### What this task involves
Set down again, exactly and only, the lines from the one that contains "Jeassi-sica online show" through the last line of the records below, both included, but not the pictures.

[[ Data to process open ]]

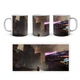 Кружка GeekLand Cyberpunk 2077 Кіберпанк 2077 CY 02.594 - зображення 1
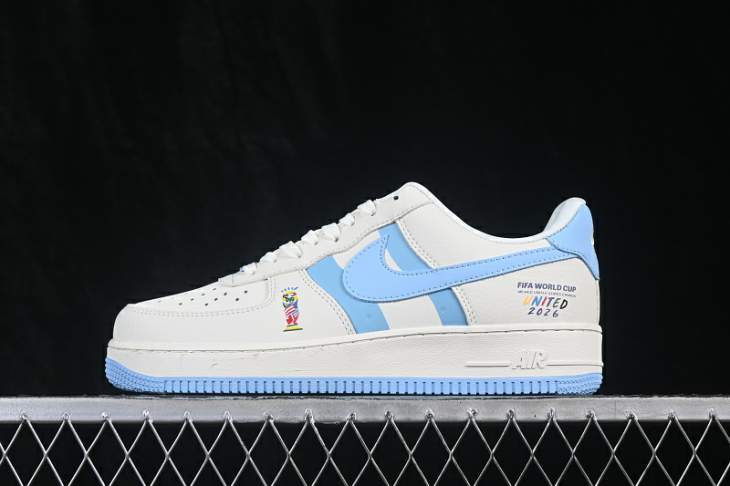 Picture of Air Force 1 _SKUfw24265413684951938fw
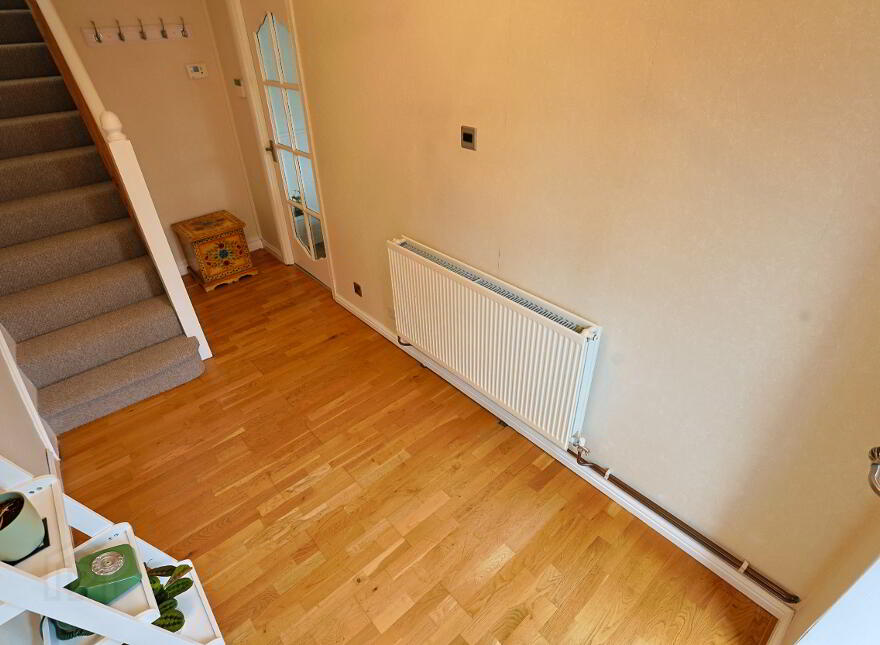 26 Fulmar Avenue, Lisburn, BT28 3HS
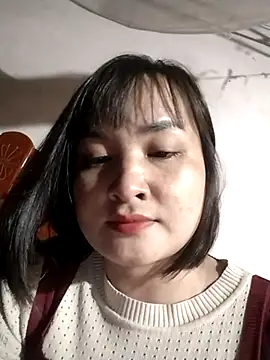 Jeassi-sica online show from November 2025 05:13:02 PM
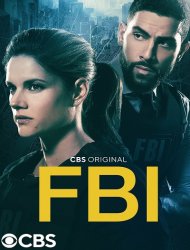 F.B.I. Saison 6 en streaming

[[ Data to process closed ]]

### Response to the exercise
 Jeassi-sica online show from November 2025 05:13:02 PM
 F.B.I. Saison 6 en streaming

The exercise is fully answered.